Kemer'de, Belediye Başkanı CHP'li Mustafa Gül'ün eşi Neşe Gül öncülüğünde, çocuk istismarı ve kaçırma olaylarına tepki için yürüyüş düzenlendi. Yürüyüşe Başkan Mustafa Gül ile özel rehabilitasyon merkezinin engelli çocukları ve çok sayıda Antalyalı katıldı. Yürüyüşe katılanlara, üzerinde ağzı ellerle kapatılmış çocuk resmi, altında '#SUSMA' yazısı bulunan tişörtler dağıtıldı.

Kemer Belediyesi önünde toplanan grup, Liman Caddesi'nden başlayarak, Cumhuriyet Meydanı'na kadar yürüdü. Ellerinde 'Çocuk tecavüzüne, istismarına hayır', 'Bedenime dokunma', 'Gizem', 'Ceylin', 'Leyla', 'Eylül' yazılı dövizler taşıyan grup üyeleri, yürüyüş sırasında 'Bedenime dokunma', 'İstismara hayır', 'Tecavüze hayır' sloganları attı.

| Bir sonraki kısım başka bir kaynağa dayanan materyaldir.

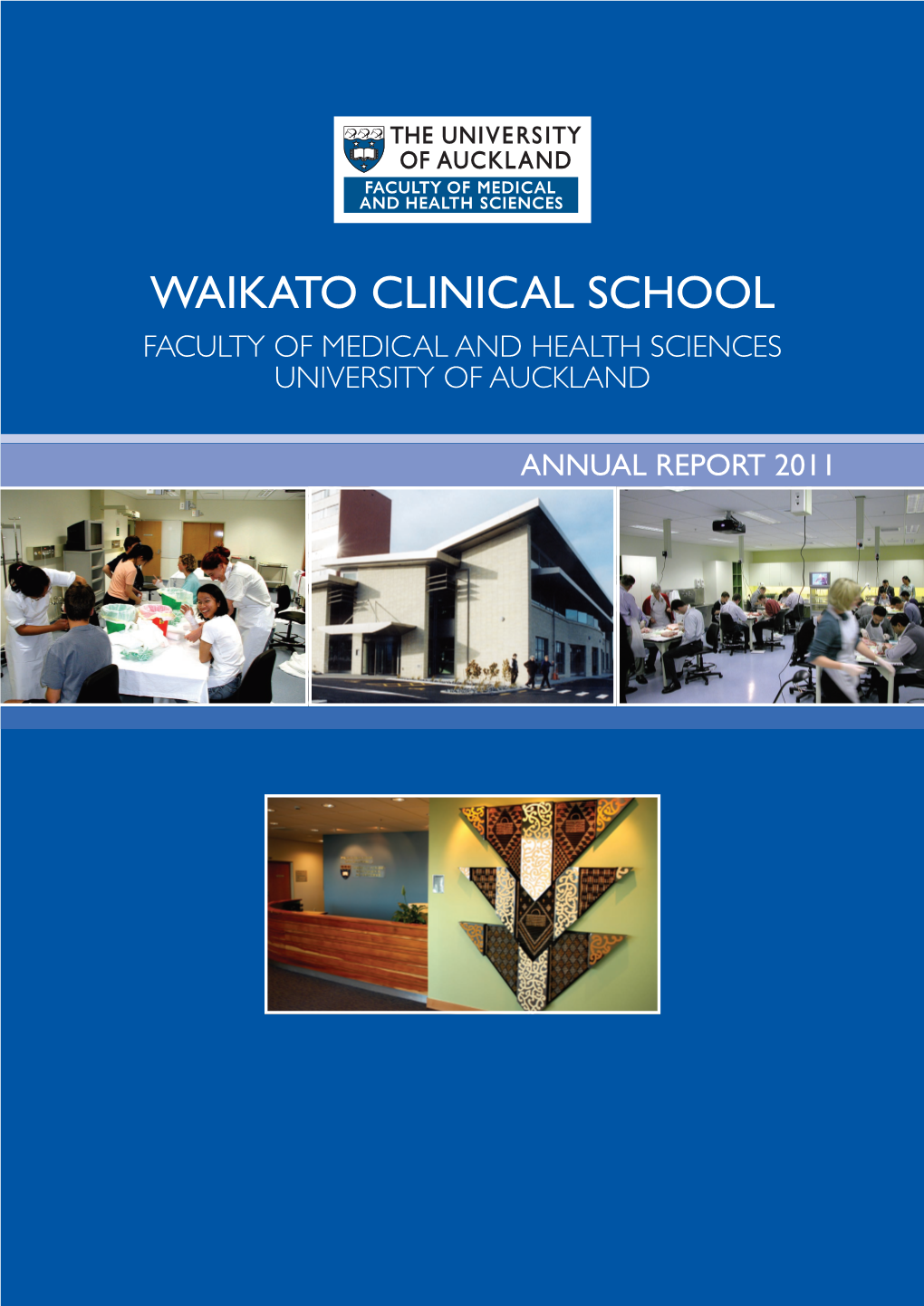 Waikato Clinical School Annual Report 2011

Meydanda toplanan grup adına basın açıklamasını okuyan Neşe Gül, caydırıcı kanunlar çıkarılarak, çocuk istismarına son verilmesi gerektiği söyledi. Gül, çocukların güvenliğini artırarak, en ağır cezaların uygulanacağı kanunları en kısa zamanda beklediklerini belirterek, ülke olarak bu konuya duyarsız kalınmaması gerektiğini vurguladı.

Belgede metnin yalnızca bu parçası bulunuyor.